In other words, traffic is originated locally, it gets policy routed to
next-hop of Loopback interface and it would come sourced from that. I am
still not sure about the last part. I will have to lab it up.
-----Original Message-----
From: nobody@groupstudy.com [mailto:nobody@groupstudy.com] On Behalf Of Mike
Kraus (mikraus)
Sent: Sunday, July 01, 2007 3:45 PM
To: Antonio Soares; Bhaskar Sivanesan; ccie forum
Subject: RE: traceroute
I just tried this, source is still physical... Tried just doing ip nat
enable (with NVI) to see if router would magically figure it out too, but to
no avail.
Have you gotten this to work?
-----Original Message-----
From: nobody@groupstudy.com [mailto:nobody@groupstudy.com] On Behalf Of
Antonio Soares
Sent: Sunday, July 01, 2007 2:30 PM
To: 'Bhaskar Sivanesan'; 'ccie forum'
Subject: RE: traceroute
None since the traffic is sourced from the router itself.
_____
From: Bhaskar Sivanesan [mailto:bas_bharath@yahoo.com]

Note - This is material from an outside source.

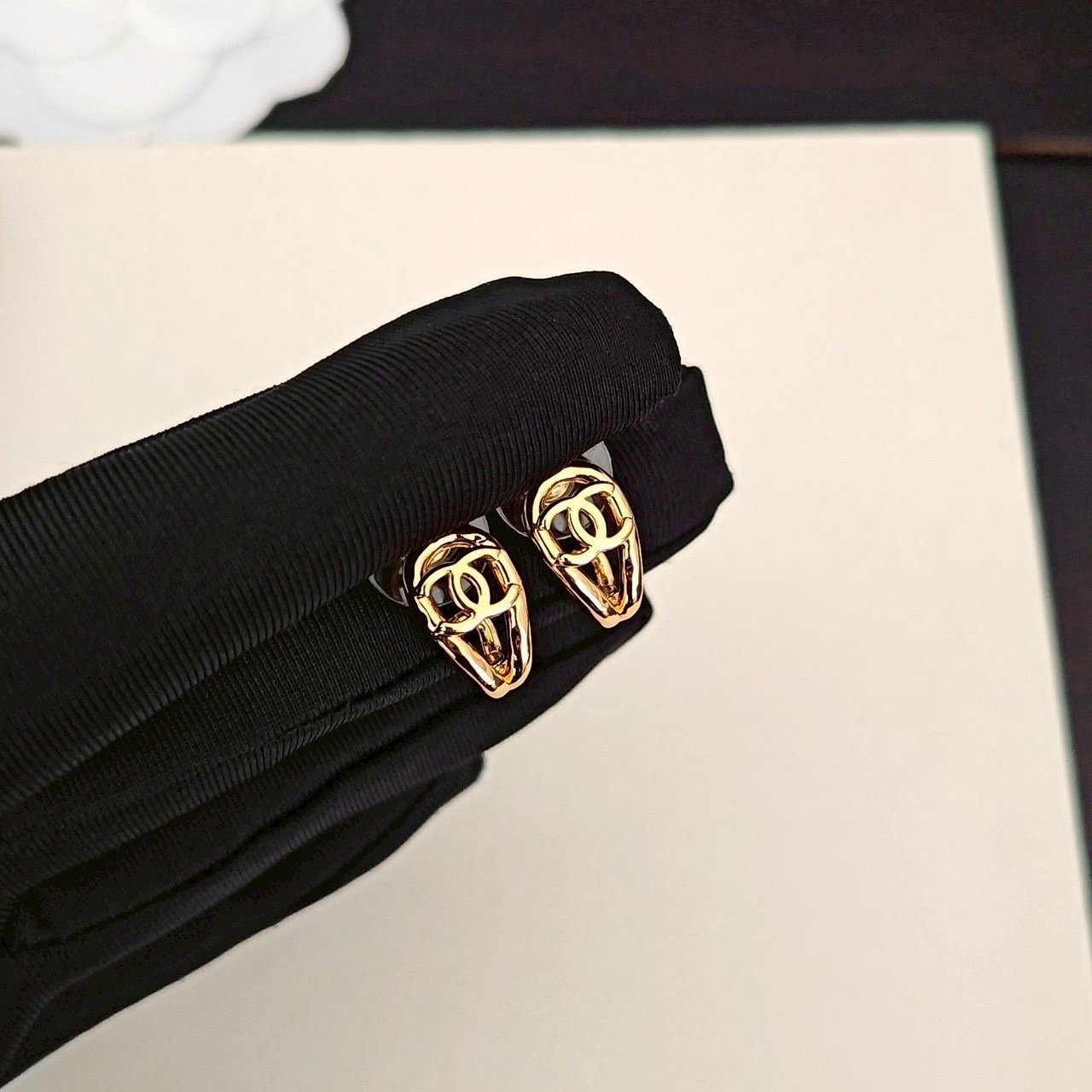 18k 香奶奶26p鏤空彎鉤立體雙c高奢定製耳釘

Sent: domingo, 1 de Julho de 2007 20:25
To: Antonio Soares; ccie forum
Subject: Re: traceroute
Thanks Antonio, which will be the "ip nat inside" interface in this case.
cheers
----- Original Message ----
From: Antonio Soares <amsoares@netcabo.pt>
To: Bhaskar Sivanesan <bas_bharath@yahoo.com>; ccie forum
<ccielab@groupstudy.com>
Sent: Sunday, July 1, 2007 8:19:13 PM
Subject: RE: traceroute
The answer is NAT:
Example config:
!
access-list 102 permit icmp any any port-unreachable access-list 102 permit
icmp any any ttl-exceeded !
ip nat inside source list 102 interface Loopback0 overload !
!
interface Ethernet1/0
ip nat outside
!
-----Original Message-----
From: nobody@groupstudy.com [mailto:nobody@groupstudy.com] On Behalf Of
Bhaskar Sivanesan
Sent: domingo, 1 de Julho de 2007 19:58
To: ccie forum
Subject: traceroute
Hi group
How do we change the source IP address in the ICMP TTL exceeded reply
messages.
Like, when I am doing a traceroute, I want the reply to be sourced from the
respective router's loopback ip address rather than the interface address?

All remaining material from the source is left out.